Formal & informal detox
NOTE: Quotes are presented word for word apart from minor editing for readability and clarity. Identifying details have been removed. Square brackets show text that has been added, e.g. ‘I want to maintain [my current level of drug use]’. Ellipses within square brackets […] show where text has been removed, e.g. ‘Counselling was good but […] I would have liked more information about other treatment options’.

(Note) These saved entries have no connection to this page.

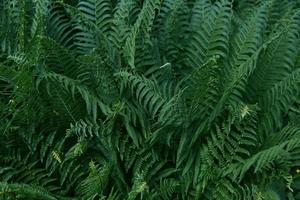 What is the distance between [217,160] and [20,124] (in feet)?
4.12

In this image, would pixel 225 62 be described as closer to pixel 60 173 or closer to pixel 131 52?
pixel 131 52

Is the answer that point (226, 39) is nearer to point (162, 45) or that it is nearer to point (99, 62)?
point (162, 45)

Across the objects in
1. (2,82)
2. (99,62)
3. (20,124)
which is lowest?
(20,124)

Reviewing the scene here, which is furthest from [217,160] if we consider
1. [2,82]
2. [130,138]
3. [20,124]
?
[2,82]

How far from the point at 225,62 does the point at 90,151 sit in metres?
1.05

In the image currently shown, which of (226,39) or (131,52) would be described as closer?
(131,52)

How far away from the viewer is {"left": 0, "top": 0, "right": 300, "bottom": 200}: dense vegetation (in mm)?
3143

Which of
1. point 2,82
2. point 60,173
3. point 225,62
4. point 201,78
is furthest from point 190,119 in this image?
point 2,82

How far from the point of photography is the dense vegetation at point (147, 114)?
10.3 feet

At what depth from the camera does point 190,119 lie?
324 cm

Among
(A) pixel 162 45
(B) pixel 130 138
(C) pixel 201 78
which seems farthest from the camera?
(A) pixel 162 45

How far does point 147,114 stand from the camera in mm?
3361

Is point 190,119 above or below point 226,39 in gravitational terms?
below

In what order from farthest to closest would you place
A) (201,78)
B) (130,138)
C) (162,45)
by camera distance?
1. (162,45)
2. (130,138)
3. (201,78) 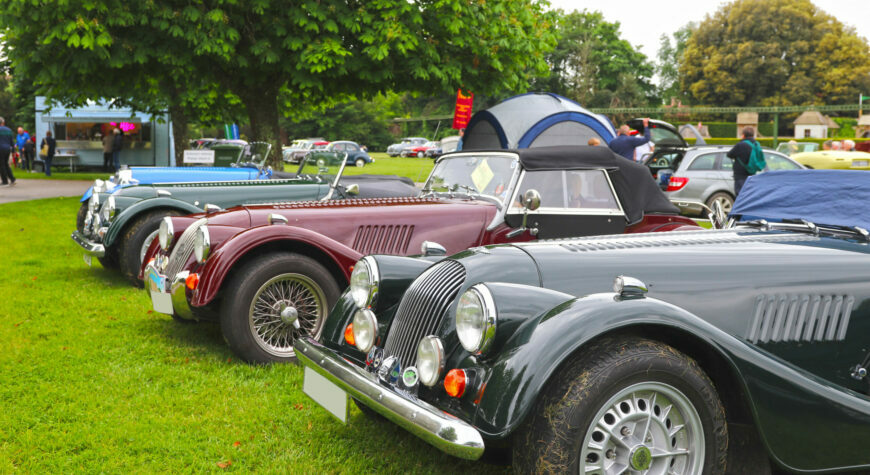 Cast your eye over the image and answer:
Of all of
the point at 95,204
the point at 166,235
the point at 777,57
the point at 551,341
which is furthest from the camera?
the point at 777,57

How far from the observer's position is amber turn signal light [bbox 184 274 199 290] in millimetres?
4871

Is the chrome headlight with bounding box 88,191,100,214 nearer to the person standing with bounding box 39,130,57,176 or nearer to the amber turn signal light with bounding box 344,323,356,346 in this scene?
the amber turn signal light with bounding box 344,323,356,346

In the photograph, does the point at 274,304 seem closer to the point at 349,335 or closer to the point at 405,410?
the point at 349,335

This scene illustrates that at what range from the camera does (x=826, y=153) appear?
1706 centimetres

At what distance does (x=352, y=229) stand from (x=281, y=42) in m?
8.45

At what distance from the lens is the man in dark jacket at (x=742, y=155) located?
11.3 metres

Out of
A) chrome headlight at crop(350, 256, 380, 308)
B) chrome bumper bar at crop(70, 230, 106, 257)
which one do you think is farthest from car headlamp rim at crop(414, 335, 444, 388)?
chrome bumper bar at crop(70, 230, 106, 257)

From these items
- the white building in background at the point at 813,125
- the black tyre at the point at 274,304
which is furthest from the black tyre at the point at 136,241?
the white building in background at the point at 813,125

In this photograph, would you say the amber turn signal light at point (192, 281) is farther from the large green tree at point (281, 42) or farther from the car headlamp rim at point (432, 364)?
the large green tree at point (281, 42)

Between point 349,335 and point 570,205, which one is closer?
point 349,335

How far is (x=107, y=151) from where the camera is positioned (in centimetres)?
2439

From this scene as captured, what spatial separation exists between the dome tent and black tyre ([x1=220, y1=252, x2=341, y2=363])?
42.3 feet

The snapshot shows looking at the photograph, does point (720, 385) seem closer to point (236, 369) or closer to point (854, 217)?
point (854, 217)

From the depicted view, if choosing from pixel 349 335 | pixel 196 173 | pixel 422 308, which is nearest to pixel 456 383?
pixel 422 308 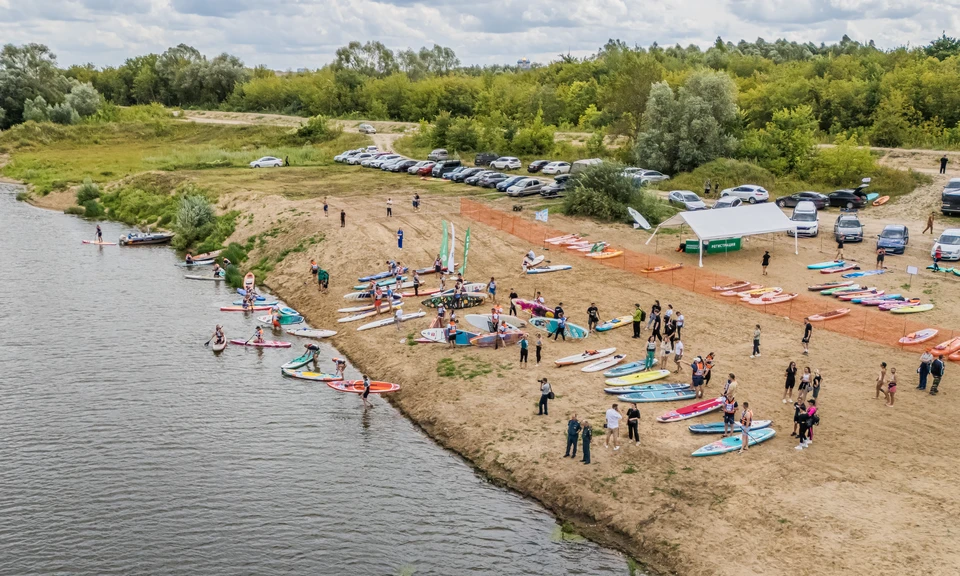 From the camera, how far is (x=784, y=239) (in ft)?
176

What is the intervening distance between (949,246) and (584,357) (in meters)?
25.0

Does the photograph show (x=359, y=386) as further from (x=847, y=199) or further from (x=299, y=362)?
(x=847, y=199)

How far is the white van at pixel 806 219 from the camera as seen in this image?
175 ft

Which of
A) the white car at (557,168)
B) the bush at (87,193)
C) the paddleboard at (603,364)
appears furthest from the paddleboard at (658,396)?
the bush at (87,193)

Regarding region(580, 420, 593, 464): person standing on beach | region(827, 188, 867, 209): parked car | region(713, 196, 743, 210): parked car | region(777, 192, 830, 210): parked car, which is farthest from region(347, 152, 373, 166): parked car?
region(580, 420, 593, 464): person standing on beach

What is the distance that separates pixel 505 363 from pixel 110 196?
180ft

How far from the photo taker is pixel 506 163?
260ft

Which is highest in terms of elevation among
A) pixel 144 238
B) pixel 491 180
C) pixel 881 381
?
pixel 491 180

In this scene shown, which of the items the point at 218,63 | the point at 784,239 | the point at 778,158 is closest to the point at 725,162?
the point at 778,158

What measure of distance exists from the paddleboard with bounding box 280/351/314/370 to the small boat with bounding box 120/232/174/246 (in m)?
29.6

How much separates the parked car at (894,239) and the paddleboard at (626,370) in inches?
908

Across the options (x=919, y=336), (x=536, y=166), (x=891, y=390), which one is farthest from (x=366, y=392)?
(x=536, y=166)

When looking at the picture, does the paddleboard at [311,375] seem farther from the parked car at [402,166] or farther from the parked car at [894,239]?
the parked car at [402,166]

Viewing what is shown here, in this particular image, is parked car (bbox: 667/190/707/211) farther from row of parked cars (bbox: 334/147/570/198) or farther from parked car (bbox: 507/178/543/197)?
parked car (bbox: 507/178/543/197) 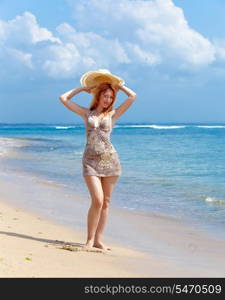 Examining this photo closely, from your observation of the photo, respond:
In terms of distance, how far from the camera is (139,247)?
7.60m

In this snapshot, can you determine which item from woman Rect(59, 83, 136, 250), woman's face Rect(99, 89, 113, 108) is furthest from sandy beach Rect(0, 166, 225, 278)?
woman's face Rect(99, 89, 113, 108)

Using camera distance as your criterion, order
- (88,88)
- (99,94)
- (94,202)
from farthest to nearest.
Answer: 1. (88,88)
2. (99,94)
3. (94,202)

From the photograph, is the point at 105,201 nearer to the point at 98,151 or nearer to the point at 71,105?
the point at 98,151

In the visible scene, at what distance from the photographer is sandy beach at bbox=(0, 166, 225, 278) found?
223 inches

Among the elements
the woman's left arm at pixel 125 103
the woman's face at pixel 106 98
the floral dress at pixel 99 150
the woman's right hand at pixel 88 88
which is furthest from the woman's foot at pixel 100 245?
the woman's right hand at pixel 88 88

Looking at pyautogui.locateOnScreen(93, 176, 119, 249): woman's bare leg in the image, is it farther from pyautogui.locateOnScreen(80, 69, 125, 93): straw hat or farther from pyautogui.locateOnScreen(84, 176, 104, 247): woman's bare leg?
pyautogui.locateOnScreen(80, 69, 125, 93): straw hat

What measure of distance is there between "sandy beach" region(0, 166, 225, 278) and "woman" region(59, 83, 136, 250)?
528mm

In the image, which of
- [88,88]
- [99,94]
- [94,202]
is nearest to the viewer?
[94,202]

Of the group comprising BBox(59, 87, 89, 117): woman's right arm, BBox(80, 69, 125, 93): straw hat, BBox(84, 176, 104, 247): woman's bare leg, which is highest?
BBox(80, 69, 125, 93): straw hat

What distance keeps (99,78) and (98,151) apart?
929 millimetres

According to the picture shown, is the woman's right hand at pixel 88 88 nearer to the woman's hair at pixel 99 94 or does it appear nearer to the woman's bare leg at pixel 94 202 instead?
the woman's hair at pixel 99 94

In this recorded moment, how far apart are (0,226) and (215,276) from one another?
11.2 ft

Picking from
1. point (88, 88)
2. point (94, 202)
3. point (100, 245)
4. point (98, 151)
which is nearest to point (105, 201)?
point (94, 202)

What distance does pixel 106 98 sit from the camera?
23.0 feet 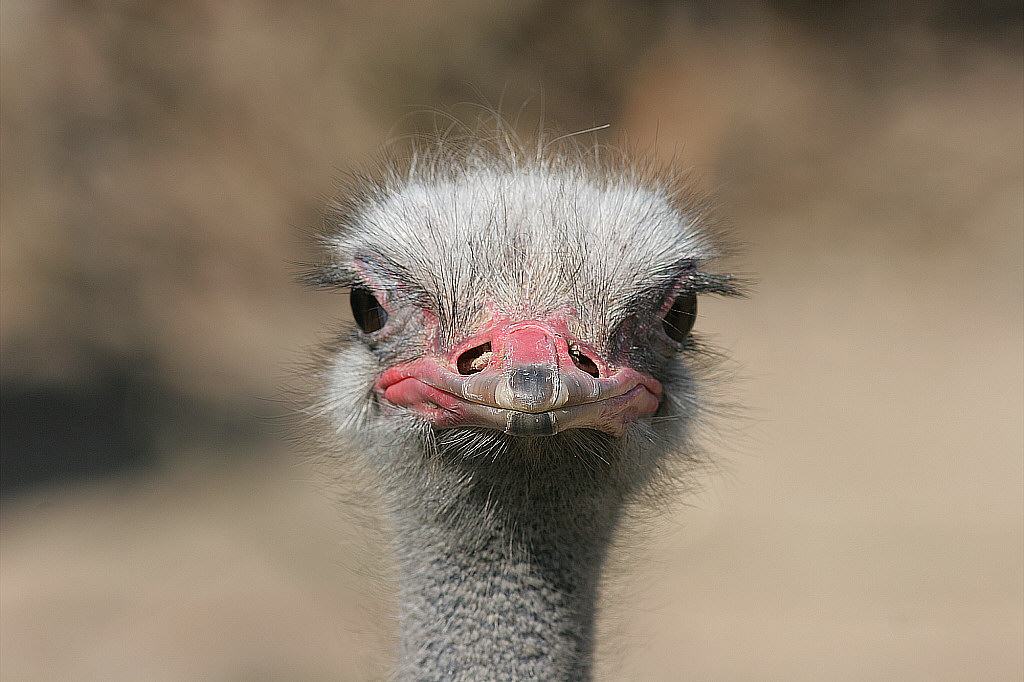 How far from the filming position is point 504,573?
5.13ft

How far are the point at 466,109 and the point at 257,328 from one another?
1864 mm

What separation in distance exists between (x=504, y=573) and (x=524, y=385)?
506 mm

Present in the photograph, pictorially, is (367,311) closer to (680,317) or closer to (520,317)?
(520,317)

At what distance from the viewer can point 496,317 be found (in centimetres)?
139

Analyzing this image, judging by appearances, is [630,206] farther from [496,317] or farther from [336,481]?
[336,481]

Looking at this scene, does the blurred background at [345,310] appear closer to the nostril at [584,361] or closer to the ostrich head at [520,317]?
the ostrich head at [520,317]

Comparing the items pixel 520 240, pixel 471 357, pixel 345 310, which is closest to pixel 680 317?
pixel 520 240

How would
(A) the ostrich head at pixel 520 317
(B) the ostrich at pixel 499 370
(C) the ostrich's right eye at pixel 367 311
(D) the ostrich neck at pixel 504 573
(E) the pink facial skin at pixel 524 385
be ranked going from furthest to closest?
(C) the ostrich's right eye at pixel 367 311
(D) the ostrich neck at pixel 504 573
(B) the ostrich at pixel 499 370
(A) the ostrich head at pixel 520 317
(E) the pink facial skin at pixel 524 385

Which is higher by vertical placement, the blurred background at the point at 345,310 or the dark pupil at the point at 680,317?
the blurred background at the point at 345,310

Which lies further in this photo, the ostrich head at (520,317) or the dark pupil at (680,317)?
the dark pupil at (680,317)

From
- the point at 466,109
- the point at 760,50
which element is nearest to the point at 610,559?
the point at 466,109

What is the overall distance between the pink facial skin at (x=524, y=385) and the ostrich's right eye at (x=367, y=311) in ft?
0.41

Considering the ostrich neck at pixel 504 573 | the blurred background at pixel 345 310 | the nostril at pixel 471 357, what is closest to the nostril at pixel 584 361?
the nostril at pixel 471 357

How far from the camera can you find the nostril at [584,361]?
4.35 feet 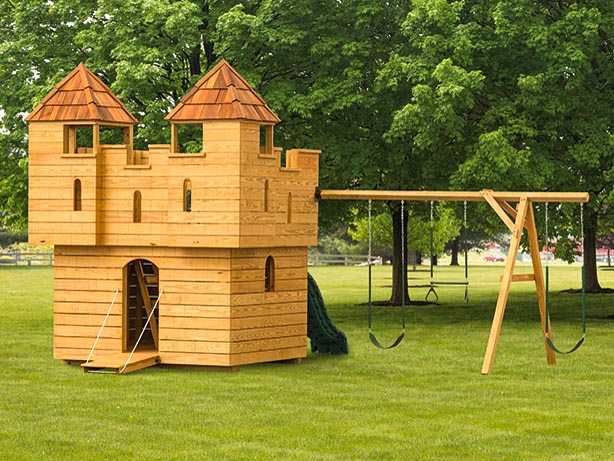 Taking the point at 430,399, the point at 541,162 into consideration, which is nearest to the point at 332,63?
the point at 541,162

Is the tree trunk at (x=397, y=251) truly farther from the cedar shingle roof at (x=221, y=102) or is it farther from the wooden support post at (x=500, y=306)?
the wooden support post at (x=500, y=306)

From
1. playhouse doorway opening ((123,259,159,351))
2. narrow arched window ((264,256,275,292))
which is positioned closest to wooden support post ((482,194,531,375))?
narrow arched window ((264,256,275,292))

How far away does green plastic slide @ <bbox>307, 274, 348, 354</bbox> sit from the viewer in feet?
68.4

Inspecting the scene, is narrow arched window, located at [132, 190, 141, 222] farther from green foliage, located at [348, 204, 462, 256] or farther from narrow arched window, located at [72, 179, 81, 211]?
green foliage, located at [348, 204, 462, 256]

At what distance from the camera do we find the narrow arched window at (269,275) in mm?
19562

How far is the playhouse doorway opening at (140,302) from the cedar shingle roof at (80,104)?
8.23 feet

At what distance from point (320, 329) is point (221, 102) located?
4.56 meters

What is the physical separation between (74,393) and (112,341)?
3.15 m

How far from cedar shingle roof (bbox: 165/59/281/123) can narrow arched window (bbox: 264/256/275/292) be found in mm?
2324

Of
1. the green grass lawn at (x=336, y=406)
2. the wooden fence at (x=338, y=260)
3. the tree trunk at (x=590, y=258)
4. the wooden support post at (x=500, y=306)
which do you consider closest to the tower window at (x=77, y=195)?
the green grass lawn at (x=336, y=406)

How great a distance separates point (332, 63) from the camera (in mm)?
28188

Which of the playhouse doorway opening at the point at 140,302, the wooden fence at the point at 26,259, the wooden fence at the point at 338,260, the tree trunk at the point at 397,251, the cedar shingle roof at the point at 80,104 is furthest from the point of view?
the wooden fence at the point at 338,260

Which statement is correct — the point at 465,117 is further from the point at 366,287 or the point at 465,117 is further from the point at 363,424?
the point at 366,287

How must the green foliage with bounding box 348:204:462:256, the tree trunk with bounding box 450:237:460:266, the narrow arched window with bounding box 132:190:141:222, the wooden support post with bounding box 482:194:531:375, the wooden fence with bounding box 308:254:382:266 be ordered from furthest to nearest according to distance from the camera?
the tree trunk with bounding box 450:237:460:266, the wooden fence with bounding box 308:254:382:266, the green foliage with bounding box 348:204:462:256, the narrow arched window with bounding box 132:190:141:222, the wooden support post with bounding box 482:194:531:375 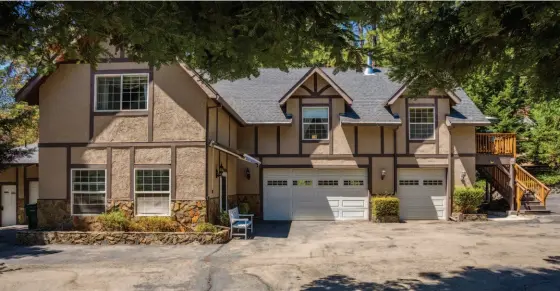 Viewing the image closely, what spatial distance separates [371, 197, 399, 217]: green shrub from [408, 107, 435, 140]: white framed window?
3.18 metres

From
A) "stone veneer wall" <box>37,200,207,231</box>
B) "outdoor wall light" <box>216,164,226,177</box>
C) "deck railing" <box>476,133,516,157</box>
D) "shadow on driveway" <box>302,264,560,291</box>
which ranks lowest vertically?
"shadow on driveway" <box>302,264,560,291</box>

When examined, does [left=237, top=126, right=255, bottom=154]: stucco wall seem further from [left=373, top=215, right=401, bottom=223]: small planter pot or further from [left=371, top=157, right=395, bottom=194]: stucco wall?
[left=373, top=215, right=401, bottom=223]: small planter pot

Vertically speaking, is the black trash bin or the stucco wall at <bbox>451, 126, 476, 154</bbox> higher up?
the stucco wall at <bbox>451, 126, 476, 154</bbox>

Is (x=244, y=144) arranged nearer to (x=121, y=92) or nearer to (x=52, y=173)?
(x=121, y=92)

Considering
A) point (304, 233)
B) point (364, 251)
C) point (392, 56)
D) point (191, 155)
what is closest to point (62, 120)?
point (191, 155)

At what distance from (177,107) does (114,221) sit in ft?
13.7

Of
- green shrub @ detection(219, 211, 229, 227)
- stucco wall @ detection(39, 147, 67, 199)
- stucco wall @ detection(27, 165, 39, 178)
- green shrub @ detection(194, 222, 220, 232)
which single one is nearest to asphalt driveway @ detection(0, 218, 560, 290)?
green shrub @ detection(194, 222, 220, 232)

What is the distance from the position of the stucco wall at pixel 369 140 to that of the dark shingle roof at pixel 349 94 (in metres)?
0.64

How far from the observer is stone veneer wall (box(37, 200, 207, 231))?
1409cm

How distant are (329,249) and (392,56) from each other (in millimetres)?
7398

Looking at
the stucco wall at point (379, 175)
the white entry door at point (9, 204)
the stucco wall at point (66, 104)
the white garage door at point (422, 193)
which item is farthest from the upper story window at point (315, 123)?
the white entry door at point (9, 204)

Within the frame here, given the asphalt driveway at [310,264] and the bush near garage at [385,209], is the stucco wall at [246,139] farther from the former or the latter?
the bush near garage at [385,209]

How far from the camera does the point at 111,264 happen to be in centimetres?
1045

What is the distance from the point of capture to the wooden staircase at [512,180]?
20297 mm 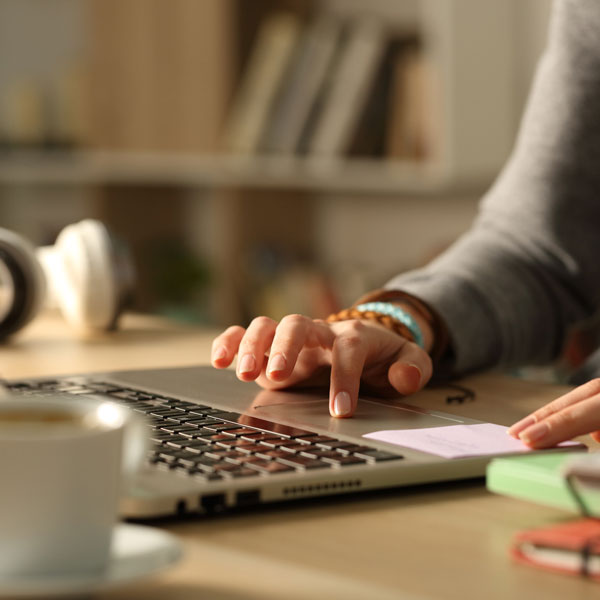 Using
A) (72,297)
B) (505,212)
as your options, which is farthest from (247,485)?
(72,297)

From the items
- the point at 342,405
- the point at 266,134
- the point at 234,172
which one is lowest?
the point at 234,172

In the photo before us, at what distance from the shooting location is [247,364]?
90cm

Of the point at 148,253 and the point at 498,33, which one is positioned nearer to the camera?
the point at 498,33

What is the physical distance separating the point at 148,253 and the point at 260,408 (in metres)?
2.51

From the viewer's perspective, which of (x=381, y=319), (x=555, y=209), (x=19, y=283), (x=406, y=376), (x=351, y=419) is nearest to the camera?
(x=351, y=419)

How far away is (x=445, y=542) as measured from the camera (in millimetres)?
559

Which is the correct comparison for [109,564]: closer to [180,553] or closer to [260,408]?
[180,553]

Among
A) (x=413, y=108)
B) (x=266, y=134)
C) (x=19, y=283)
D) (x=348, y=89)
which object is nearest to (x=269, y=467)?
(x=19, y=283)

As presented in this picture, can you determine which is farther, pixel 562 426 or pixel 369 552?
pixel 562 426

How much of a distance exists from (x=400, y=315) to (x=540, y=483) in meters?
0.51

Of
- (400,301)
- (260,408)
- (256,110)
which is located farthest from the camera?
(256,110)

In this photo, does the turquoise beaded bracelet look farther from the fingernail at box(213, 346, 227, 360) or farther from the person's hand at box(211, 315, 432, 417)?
the fingernail at box(213, 346, 227, 360)

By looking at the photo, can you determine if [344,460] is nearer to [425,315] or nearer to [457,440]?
[457,440]

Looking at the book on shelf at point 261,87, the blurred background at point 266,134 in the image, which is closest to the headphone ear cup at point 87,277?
the blurred background at point 266,134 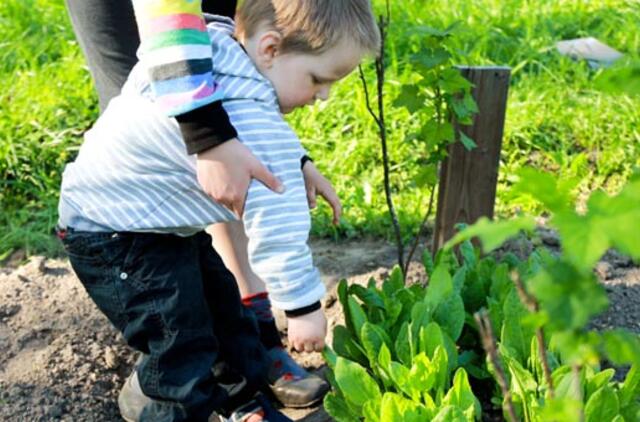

Many of the people interviewed for this website talk about changing their patterns of consumption by seeking treatment or using informal strategies to create change. For some these strategies include detoxification (‘detox’). This is the process of reducing or stopping drug use to allow the body to eliminate the drug entirely. It usually involves managing physical symptoms that can be experienced when stopping or cutting down (often called ‘withdrawal’). Sometimes considered the first step in treatment, detox can be done through formal programs at an outpatient withdrawal service or a residential service. Outpatient detox services typically provide short-term individual consultations with a health professional, along with ongoing counselling and support. Detox at a residential service usually involves a short stay at a residential withdrawal unit or hospital. Detox can also be done at home as an informal strategy for changing consumption patterns. It differs from other informal strategies for creating change because it usually involves stopping abruptly and allowing the body to eliminate the drug. Often people do this by isolating themselves at home while they manage the physical symptoms that can be experienced when stopping.